Logo a Maria chegou com seu sorriso aberto me pedindo um gole. Ofereci e ela bebeu com gosto, quase sem parar pra respirar. O que prova ainda mais a minha teoria: meu ‘mamá’ ficou realmente uma droga. Perdi o suco pra ela e nem me importei. Tudo o que importava era seguir os passos dela pela varanda, brincar com as flores do jardim, ouvir seus gritinhos felizes e quase morrer quando ela pisava com força em uma poça de água suja do jardim, rindo sem parar, ou tropeçava ameaçando cair. Nem gostava de imaginar o que aconteceria se ela se machucasse!
Pior que isso foi a próxima arte da Maria: ligar a torneira quebrada do jardim e nos molhar inteiras, se divertindo a valer com minha cara de perdida tentando impedir. Lá pelo fim da tarde, o que mais me tirou o sono: trocar a fralda. Descobri que esta parte a Maria detesta. Ela resmungava em cima do trocador, se debatia querendo mexer em uma caixa e não gostou nada. Mas foi só começar a brincar com ela que a ‘raivinha’ passou.
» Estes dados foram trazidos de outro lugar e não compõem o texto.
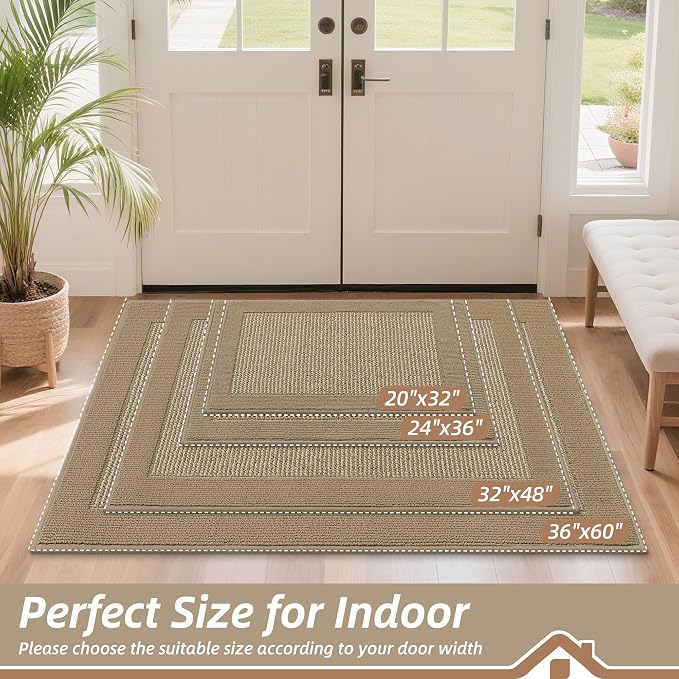 BEQHAUSE Indoor Door Mat 32" x 48", Dirt Trapper Door Mats Non-Slip Entryway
Logo eu estava tirando a fralda suja, limpando e colocando uma nova. Mamãe acompanhou o processo e rindo, disse: “Parece que está fazendo uma cirurgia na menina!”. Apesar da piada, admitiu que eu levava jeito e, ao colocar uma nova roupinha na Maria, notei que estava bem mais confiante. No fim, trocar a fralda foi o mais natural da experiência toda. O mais difícil é se esquecer de si mesmo em prol de uma pessoinha que depende de você, não tirar os olhos dela nem por um minuto, correndo atrás e dando bronca quando precisa – não fui bem sucedida nisso... ela é fofa demais pra pensar em brigar!
Brincamos bastante com a motoca dela, sentamos no chão da varanda e o único momento em que ela chorou foi quando viu Regina, a babá, indo embora. Não durou muito, mas o foi o pior momento pra mim. Foi terrível ver a Maria Clara agarradinha na grade do portão, chorando e super sentida. Peguei as pulseiras que ela adora colocar no pulso e, minutos depois, a bebê já estava sorrindo e cantarolando – na linguagem dela – pelos cantos. Na hora de ir embora, um beijo na bochecha, um abraço apertado e um aperto no peito. Eu já sentia saudade.
Quando a Ceci, mãe da Maria, voltou para casa, fomos embora bem rápido pra que ela não notasse minha ausência. E eu queria ficar mais, dar banho, fazer dormir, levar para passear, conversar... Dizem que ser mãe é padecer no paraíso. Se for realmente assim, quero padecer mais vezes. Quebrei meus próprios paradigmas e descobri que o medo pode te impedir de ter experiências maravilhosas. E foi uma doce bebê de olhos castanhos, cabelos cacheadinhos e olhar sapeca quem fez com que eu me desse conta disso. Ainda bem!
Te amo, bebê!
Love, Tary
P.S: Matéria de jornalismo gonzo escrita para o jornal da faculdade, a pedidos da minha amiga Ana Luísa Bussular.